This looks mostly like a Cardinal (0, 1) Cubic, which means it’s not a match for GDI+ at all at this size (it’s not until a much larger downscale ratio that GDI+ uses a standard cubic). But there’s something strange going on with the top of the curve. It’s slightly flattened, and it pokes up slightly above 1. Let’s compare that to MagicScaler.

rsirfmagcub

Yep, it’s not quite right. This is not a great start, but I guess we’ll call it close enough for now. Moving on to a 50% shrink…

rsirfcub50

Here, the shape of the curve is even more wrong, with the ends jumping up to 0 prematurely. This will lead to a fuzzier image, as it’s the negative lobes that give this filter its sharpening effect. Contrast that with the curve from MagicScaler, which remains the same regardless of resize ratio.

rsirfmagcub50

And finally, we’ll do a shrink to 25%. At this ratio, GDI+ does use a Cardinal (0, 1) Cubic, so if it gets this one right, it’s at least a match in some cases.

rsirfcub25

Nope. It’s even worse. Here it is compared with the GDI+ curve. Note again that the ‘arms’ in the correct implementation go smoothly (well, as smoothly as this graph can show) up to the origin line.

rsirfgdicub25

What’s Wrong with This Picture?

Ok, so the graphs don’t match expectations, but what does this mean for actual image quality? Fear not, I have visual comparisons to go with those mathematical ones. I have a 6000x4000 reference image I’ve been using for a lot of my testing. I like it for a few reasons:

  1. At 24MP, it’s among the biggest images you’ll find in the wild, but not unrealistically big. Most of the new mid-to-high-end DSLRs have standardized around 24MP in their last generation or two.
  2. The bigness of the image exaggerates the impact of the scaler performance. This is the same reason the FastScaling benchmarks used 16MP images, I assume. I’m just kicking it up a notch for now. Bam!
  3. It’s a human face. Humans are very attuned to spotting differences in faces, so even without a mathematical comparison, it’s usually easy to spot differences in quality or sharpness
  4. In order to test these components thoroughly, we need to be able to experiment with images in different container formats and pixel formats. I happen to have 14 variants of this image saved every which-way.
  5. Get it? Which-way? It’s a witch. Witches are magic. My thing is called MagicScaler. I’ll see myself out…

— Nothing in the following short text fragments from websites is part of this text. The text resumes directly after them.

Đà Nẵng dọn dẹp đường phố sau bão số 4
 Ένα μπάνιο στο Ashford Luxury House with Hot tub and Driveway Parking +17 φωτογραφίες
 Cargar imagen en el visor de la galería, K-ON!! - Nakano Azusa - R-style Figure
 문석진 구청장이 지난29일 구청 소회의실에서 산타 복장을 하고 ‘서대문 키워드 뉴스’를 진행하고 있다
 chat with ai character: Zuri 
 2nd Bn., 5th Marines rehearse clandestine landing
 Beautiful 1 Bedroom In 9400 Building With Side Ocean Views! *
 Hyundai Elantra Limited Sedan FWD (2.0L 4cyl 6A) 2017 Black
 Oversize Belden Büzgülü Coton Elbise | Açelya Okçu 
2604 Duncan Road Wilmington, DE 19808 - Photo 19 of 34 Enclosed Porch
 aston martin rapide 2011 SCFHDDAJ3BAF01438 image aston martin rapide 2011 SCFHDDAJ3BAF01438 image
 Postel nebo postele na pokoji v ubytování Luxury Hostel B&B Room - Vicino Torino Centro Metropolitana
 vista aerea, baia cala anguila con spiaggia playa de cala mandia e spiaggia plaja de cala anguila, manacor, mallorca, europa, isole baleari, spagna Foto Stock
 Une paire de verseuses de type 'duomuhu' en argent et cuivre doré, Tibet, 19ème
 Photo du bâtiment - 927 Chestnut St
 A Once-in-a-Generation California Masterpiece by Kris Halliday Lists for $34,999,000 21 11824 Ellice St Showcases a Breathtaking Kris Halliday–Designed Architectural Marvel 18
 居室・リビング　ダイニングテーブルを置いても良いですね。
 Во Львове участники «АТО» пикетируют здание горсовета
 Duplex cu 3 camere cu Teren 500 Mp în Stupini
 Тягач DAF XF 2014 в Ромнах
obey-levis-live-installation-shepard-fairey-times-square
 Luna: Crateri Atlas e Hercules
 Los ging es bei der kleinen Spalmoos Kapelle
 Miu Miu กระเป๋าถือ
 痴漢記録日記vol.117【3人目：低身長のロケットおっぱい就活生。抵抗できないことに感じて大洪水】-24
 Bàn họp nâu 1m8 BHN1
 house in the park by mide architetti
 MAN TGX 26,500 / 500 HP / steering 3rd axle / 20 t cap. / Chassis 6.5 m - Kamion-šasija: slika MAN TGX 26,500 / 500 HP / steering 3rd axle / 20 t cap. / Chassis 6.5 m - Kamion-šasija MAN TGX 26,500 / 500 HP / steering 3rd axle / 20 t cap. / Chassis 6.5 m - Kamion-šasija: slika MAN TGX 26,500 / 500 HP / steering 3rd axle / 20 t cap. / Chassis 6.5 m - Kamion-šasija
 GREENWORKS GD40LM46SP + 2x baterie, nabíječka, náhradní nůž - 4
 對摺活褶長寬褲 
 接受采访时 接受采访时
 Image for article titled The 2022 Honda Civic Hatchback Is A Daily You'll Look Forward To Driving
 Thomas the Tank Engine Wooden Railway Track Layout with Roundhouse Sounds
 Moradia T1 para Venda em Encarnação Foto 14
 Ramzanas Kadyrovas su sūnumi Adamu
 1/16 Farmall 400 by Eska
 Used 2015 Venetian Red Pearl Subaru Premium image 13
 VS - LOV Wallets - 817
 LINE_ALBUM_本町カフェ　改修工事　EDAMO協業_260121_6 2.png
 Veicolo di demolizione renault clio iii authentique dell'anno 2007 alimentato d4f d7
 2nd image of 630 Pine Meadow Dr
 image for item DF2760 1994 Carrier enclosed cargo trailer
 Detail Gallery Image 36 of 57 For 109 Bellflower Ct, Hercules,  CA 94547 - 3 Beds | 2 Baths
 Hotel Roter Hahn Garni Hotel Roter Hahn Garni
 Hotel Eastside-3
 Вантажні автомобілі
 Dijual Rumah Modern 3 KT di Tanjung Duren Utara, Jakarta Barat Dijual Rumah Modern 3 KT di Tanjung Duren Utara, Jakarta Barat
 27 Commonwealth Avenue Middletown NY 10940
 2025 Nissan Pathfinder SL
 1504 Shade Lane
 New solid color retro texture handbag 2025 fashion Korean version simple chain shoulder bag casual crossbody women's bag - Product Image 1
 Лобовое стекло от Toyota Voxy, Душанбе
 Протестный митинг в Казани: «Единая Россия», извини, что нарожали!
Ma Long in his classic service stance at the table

I’ve applied the settings used above and resized the original JPEG version of the 6000x4000 reference image to a 400x267 PNG in my test/benchmarking harness. The reason I output PNG at this stage instead of JPEG is that I want to compare the pixels output from each scaler, and JPEG encoding is lossy, meaning it may amplify or cancel out small differences. We’ll switch to JPEG output once we’ve normalized the settings and verified the outputs are the same. Here are the results of my first trial:

fscubbadwindow

First, let me explain my test harness. The four images shown are the results of a single warm-up run for each test. Following the warm-up, I run each test 10 times serially and display the average and standard deviation of those 10 runs. Next I run 4 tests in parallel and show their average, standard deviation, and total elapsed time. Finally, I do the same for 8 in parallel. I’m running these on my dev laptop, which is a quad-core i7 with hyperthreading enabled. 8 threads is the max I can theoretically actually run simultaneously, so that’s as far as I go with my parallel testing. It should be good enough to give you an idea how each scaler… erm… scales… performance-wise. The visual results are kind of a sanity check to make sure the numbers reflect the work I thought I was doing in the test.

Which brings me to the visual results of this run. We could talk about the performance numbers now, but I think it’s clear from the visual results that the work done was not the same for all cases, so lets hold off on that. The WIC result looks pretty bad to me, with both aliasing and blurring. I’m running Windows Server 2012 R2 on this machine, so that’s actually the best we can do with WIC quality-wise. I’ll leave it there as a reference for just what kind of performance you can get if you’re willing to sacrifice quality for speed. We’ll focus on matching up the quality on the remaining three images, with the GDI+ one as the reference.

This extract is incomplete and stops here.